LG Stuttgart, Beschl. v. 25.11.2024 – 14 KLs 203 Js 33864/ 23 jug.: Ablehnungsgesuch gegen einen Schöffen wegen der Nutzung von WhatsApp
Leitsatz:
Die private Nutzung von WhatsApp während der Hauptverhandlung beeinträchtigt die Aufmerksamkeit und gibt daher Anlass zur Sorge, der Schöffe habe sich bereits auf ein bestimmtes Ergebnis festgelegt und nicht das notwendige uneingeschränkte Interesse am Verhandlungsinhalt, §§ 24 Abs. 2, 31 StPO.
Sachverhalt:
Während der Hauptverhandlung am 18.11.2024 hielt ein Schöffe während der Vernehmung einer Zeugin sein Mobiltelefon in der Hand und führte eine wischende Bewegung aus. In seiner dienstlichen Stellungnahme gab er an, dass er den Bildschirm aktiviert, die App WhatsApp geöffnet und eine eingehende Nachricht gelesen habe. Er habe jedoch nicht geantwortet und die App anschließend wieder geschlossen.
Daraufhin stellten alle Angeklagten einen Befangenheitsantrag gegen den Schöffen. Sie begründeten diesen mit Zweifeln an der Unparteilichkeit des Schöffen begründet.
Aus den Gründen:
“Das Vorliegen eines Ablehnungsgrundes im Sinne des § 24 Abs. 2 StPO ist grundsätzlich aus der Sicht des Angeklagten zu beurteilten.
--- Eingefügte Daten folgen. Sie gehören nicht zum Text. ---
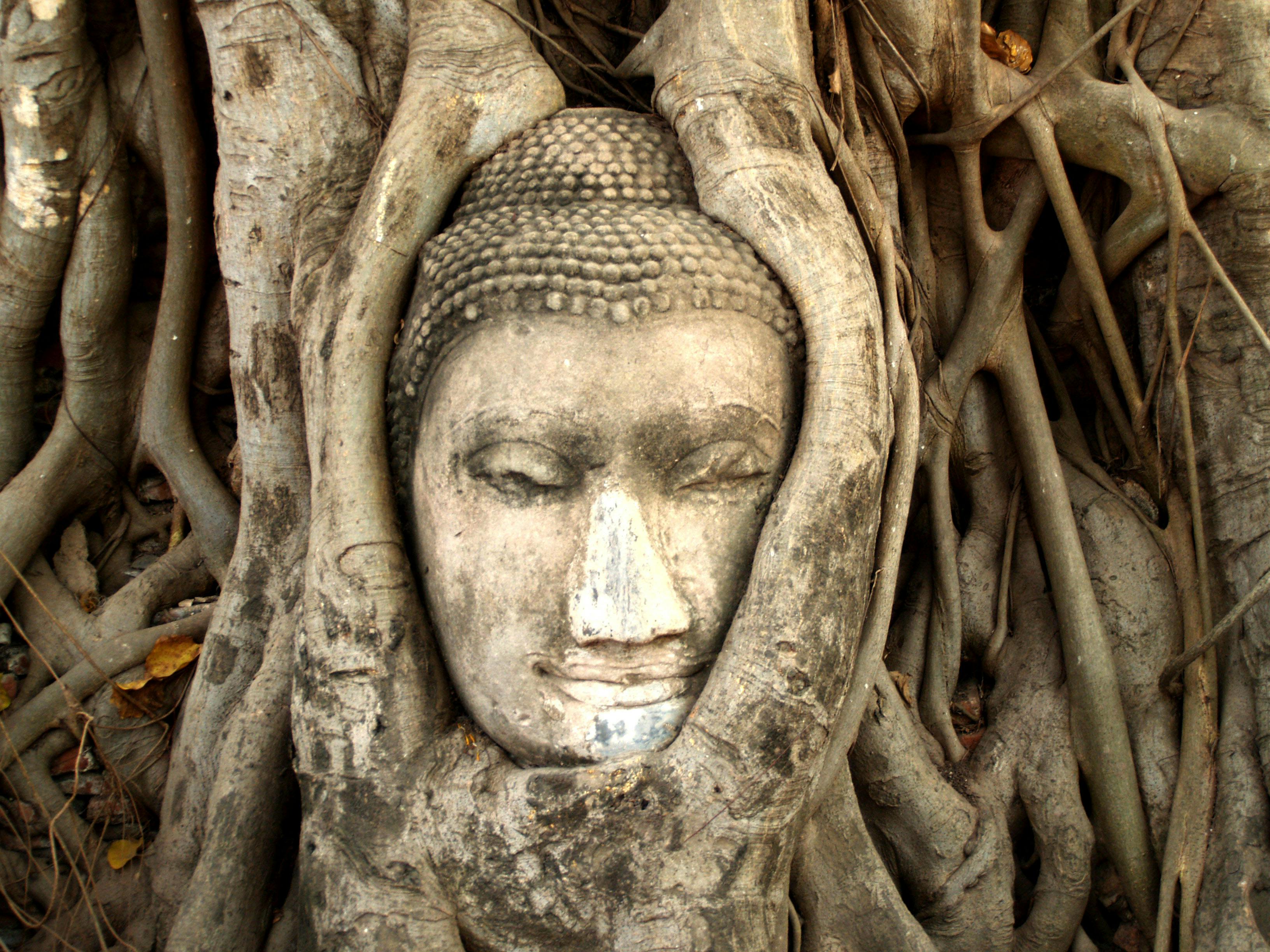 Ayutthaya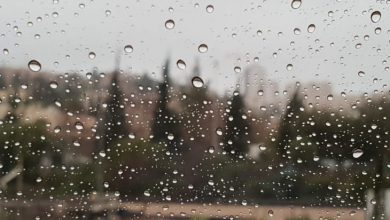 Photo of حالة الطقس: بارد وأمطار في شمالي البلاد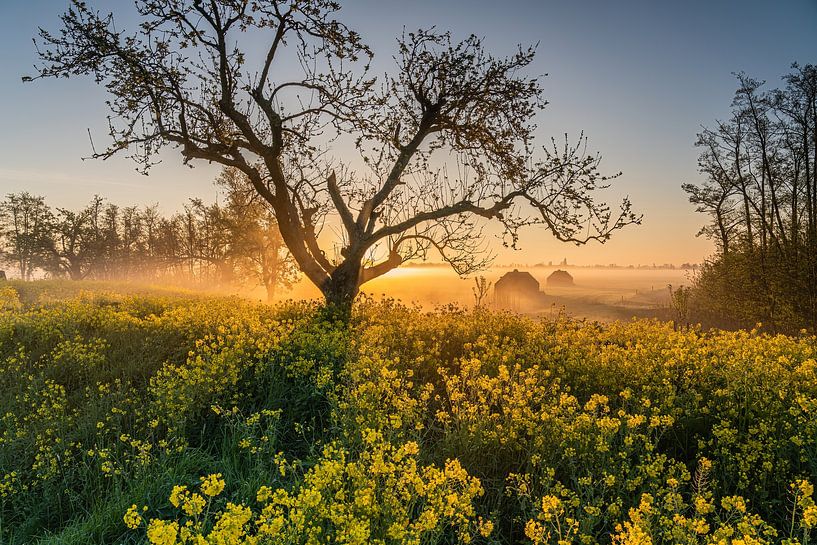 Lever de soleil brumeux dans un champ de navets par Jeroen de Jongh Photographie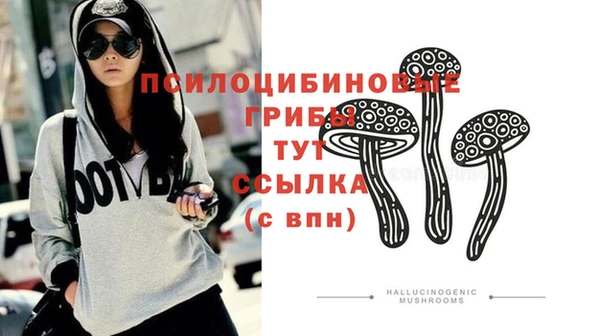 ПСИЛОЦИБИНОВЫЕ ГРИБЫ Абаза
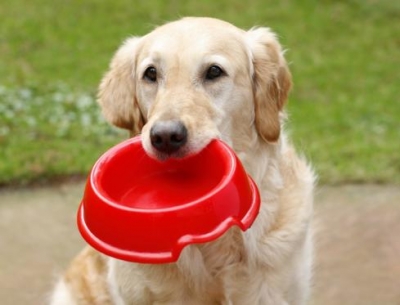 Έρευνες αποκάλυψαν:Η χρήση κόκκινου μπολ δίνει καλύτερη γεύση στη σκυλοτροφή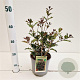 Osmanthus heter. 'Purpureus' 25-30 cm 2,5L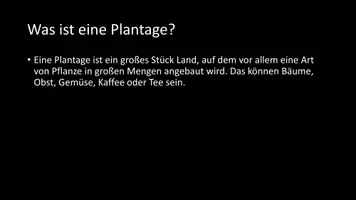 Vorschau - Arbeitsblätter - AB mit Fragen zum Thema "Plantagen" + Lösungsblatt + Infografik - Seite 3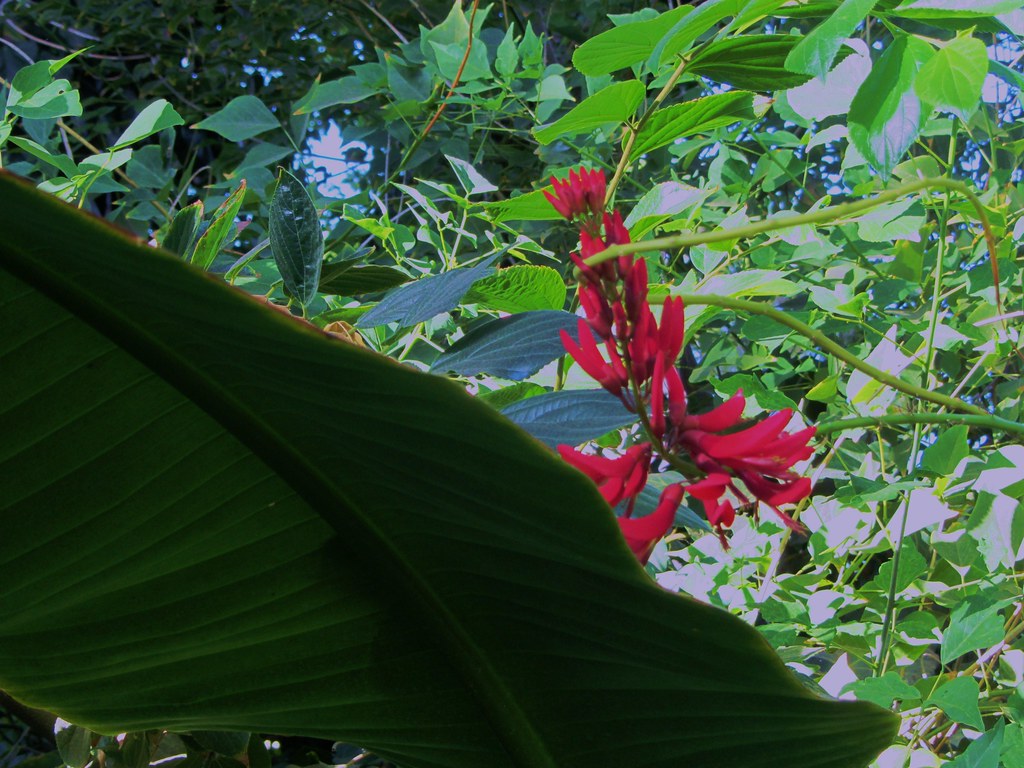 Erythrina x bidwillii Coral Bean Tree Photos taken in th… Flickr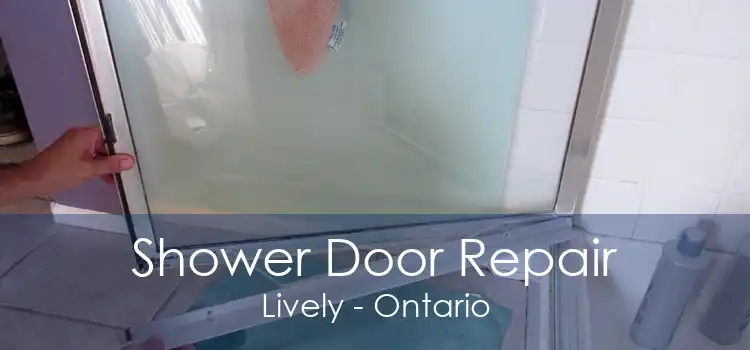 Shower Door Repair Lively - Ontario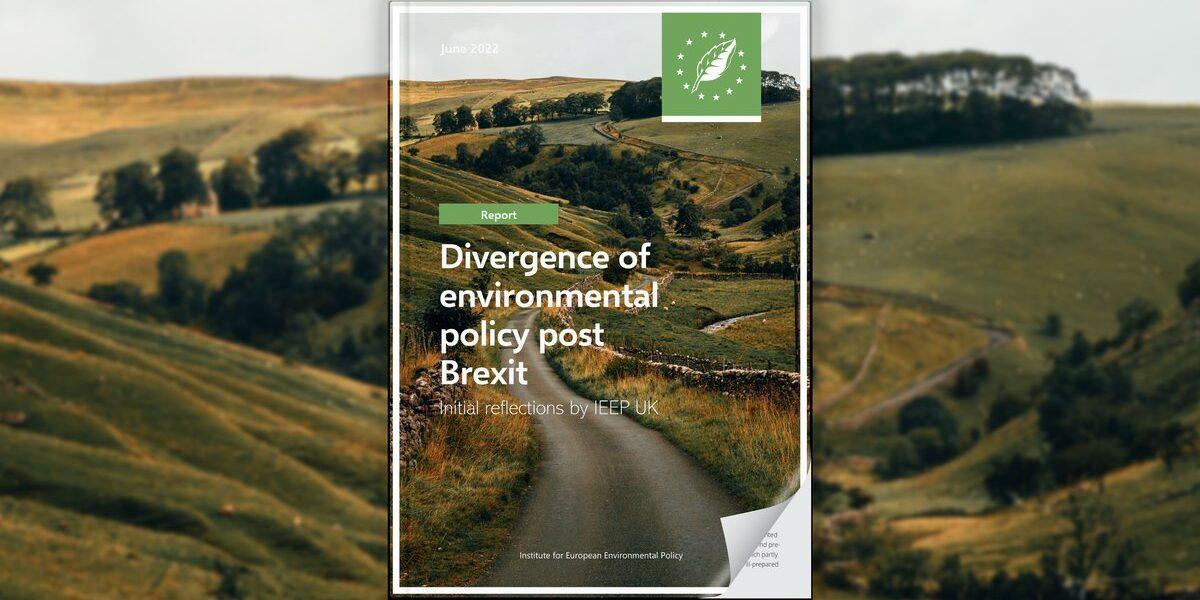 Divergence in environmental policy post Brexit: Some initial reflections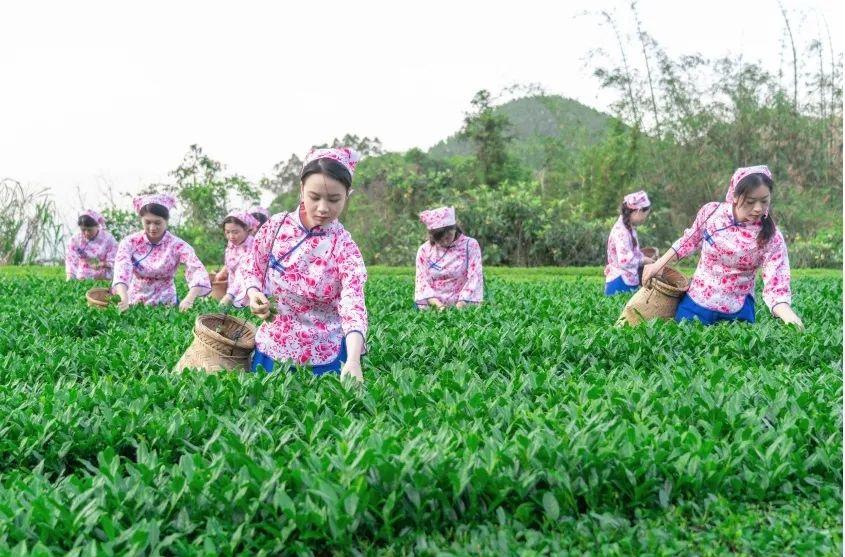 云霄黄观音生态种植面积不断扩大，农业产业强镇建设再上新台阶 周先丽-摄.jpg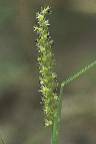 Détail de Cenchrus biflorus - Poaceae - © Thomas le Bourgeois / CIRAD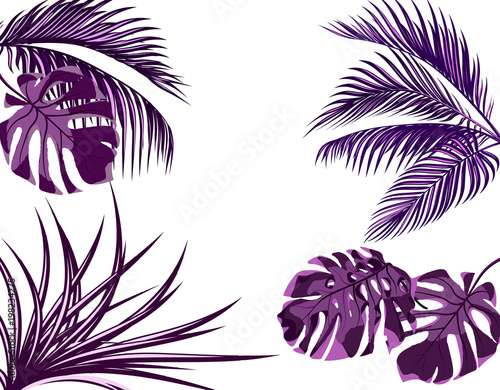 Ultra purple leaves of tropical palm trees. set. Monster  agave. Isolated on white background. illustration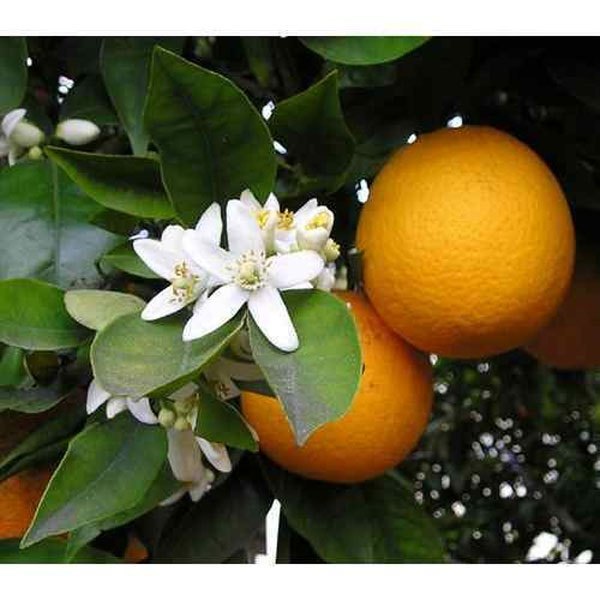 D Limonene Oil, Packaging Size: 35 Kg, Liquid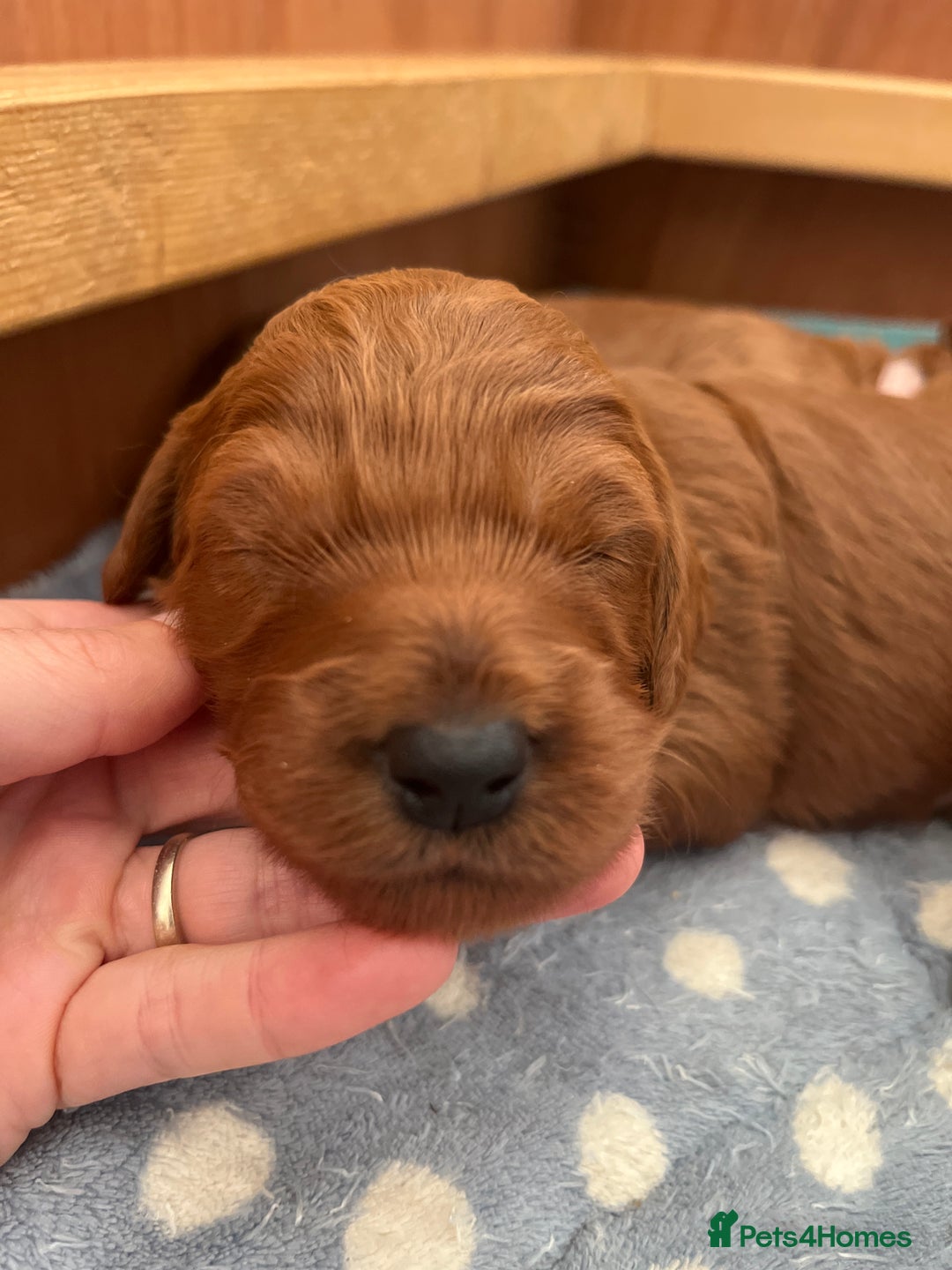 Goldendoodle dogs for sale: Extensively health tested Miniature goldendoodles - Image 4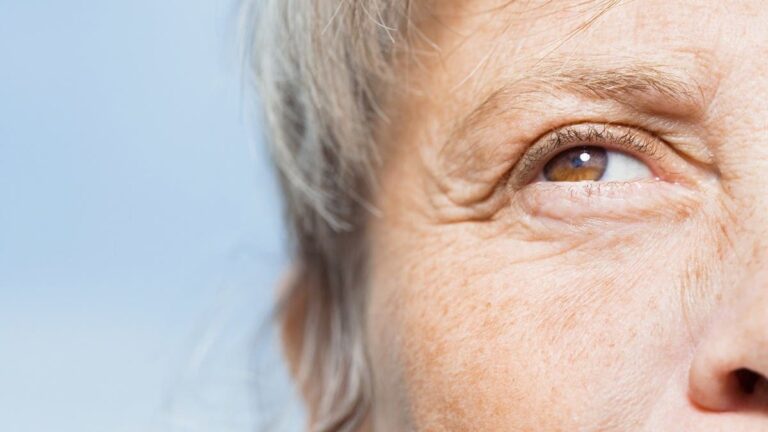 %d9%84%d9%82%d9%88%d8%a9 %d8%a7%d9%84%d8%a8%d8%b5%d8%b1 %d8%a7%d9%84%d8%aa%d8%ba%d8%b0%d9%8a%d8%a9 %d8%a7%d9%84%d8%ac%d9%8a%d8%af%d8%a9 %d8%ad%d9%84 %d8%b3%d8%ad%d8%b1%d9%8a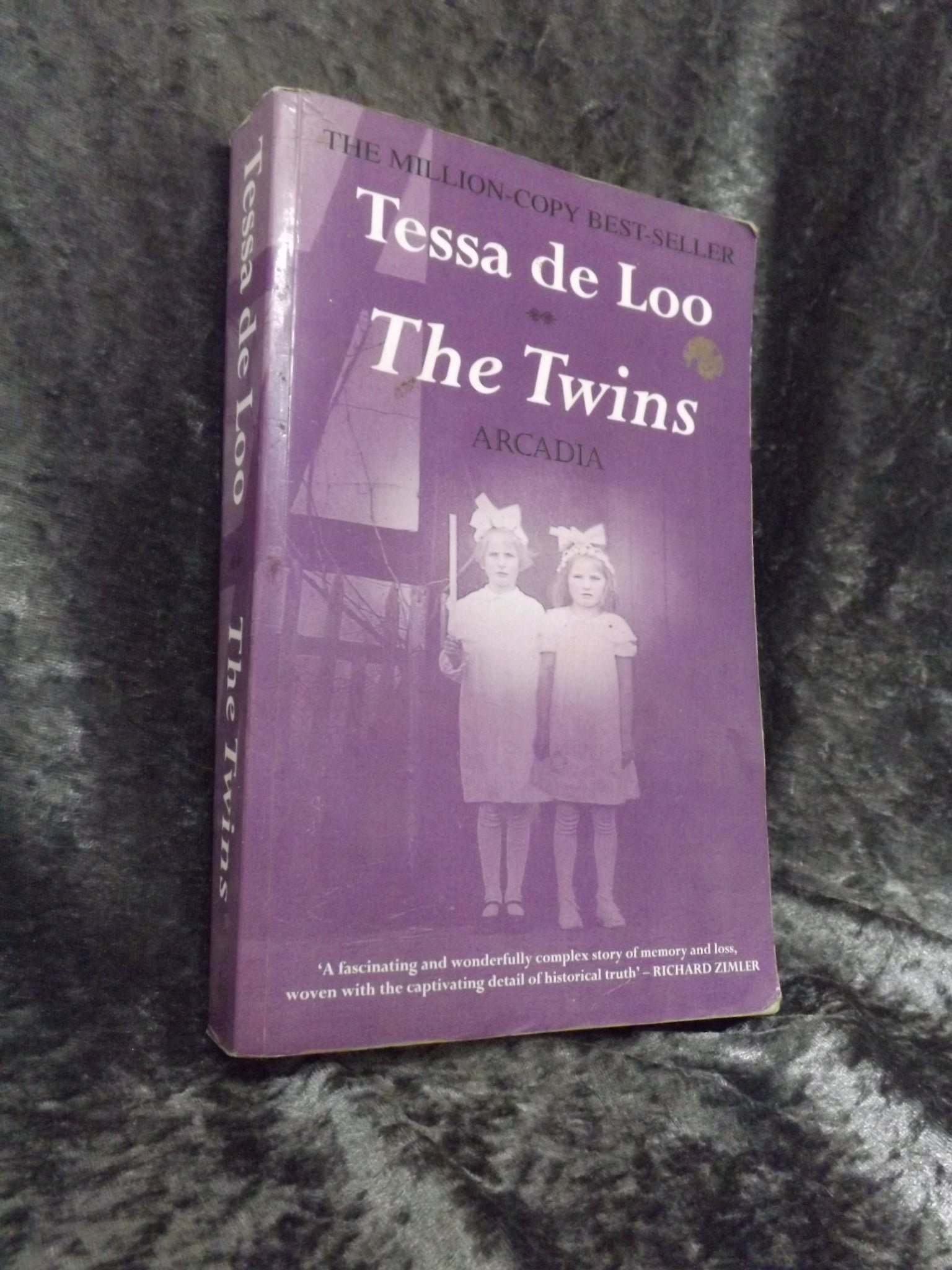 The Twins by Tessa de Loo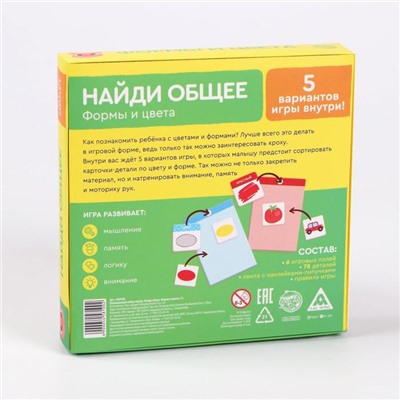 Развивающий набор-сортер «Найди общее. Формы и цвета», 3+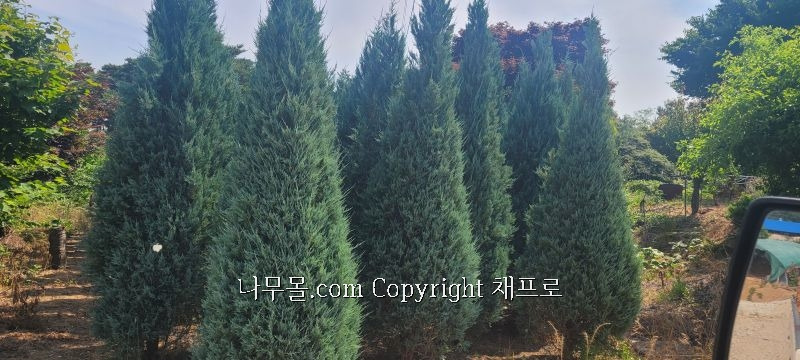 블루엔젤 이미지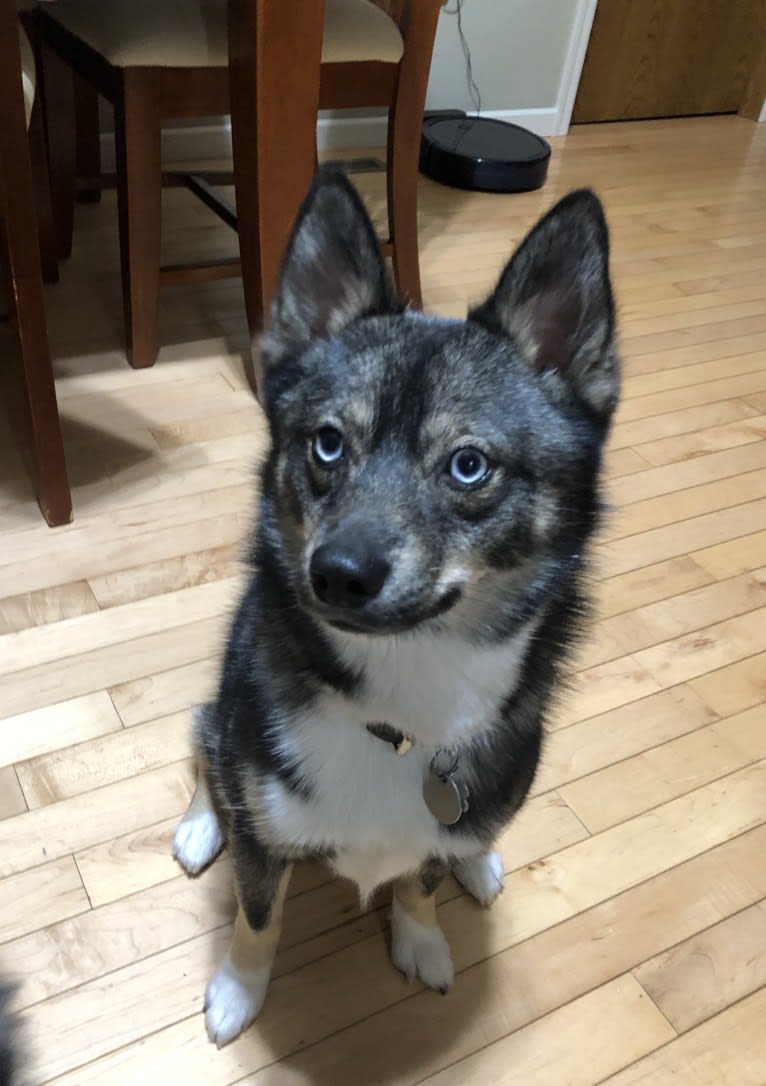 Jag, a Pomsky tested with EmbarkVet.com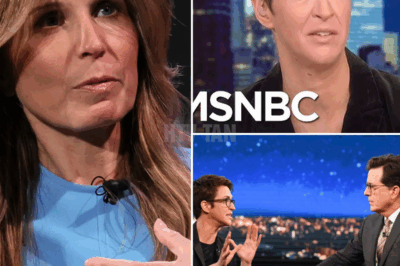 Nicolle Wallace and Rachel Maddow Mock ‘Fascism’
Misstrauen gegen die Unparteilichkeit eines Richters ist dann gerechtfertigt, wenn der Ablehnende bei verständiger Würdigung des ihm bekannten Sachverhalts Grund zu der Annahme hat, der Richter nehme ihm gegenüber eine Haltung ein, die dessen Unparteilichkeit und Unvoreingenommenheit störend beeinflussen kann. Gleiches gilt gemäß § 31 StPO für den Schöffen.”
“Durch die private Nutzung seines Mobiltelefons während laufender Hauptverhandlung hat der Schöffe auch aus der Sicht eines besonnenen Angeklagten begründeten Anlass gegeben zu der Besorgnis, der Schöffe habe sich mangels uneingeschränkter Aufmerksamkeit auf die dem Kernbereich richterlicher Tätigkeit unterfallender Beweisaufnahme bereits auf ein bestimmtes Ergebnis festgelegt.” Die gezielte Ablenkung mit einer privaten Tätigkeit beeinträchtigte seine Fähigkeit, der Verhandlung mit voller Aufmerksamkeit zu folgen. Dass er bereit war, private Telekommunikation über die ihm obliegende Pflicht als Schöffe zu stellen, gibt Anlass zu der Besorgnis, dass der Schöffe nicht das notwendige uneingeschränkte Interesse am Verhandlungsinhalt hatte.
Da die Kammerdurch das Ausscheiden nicht mehr ordnungsgemäß besetzt ist, ist das Verfahren auszusetzen.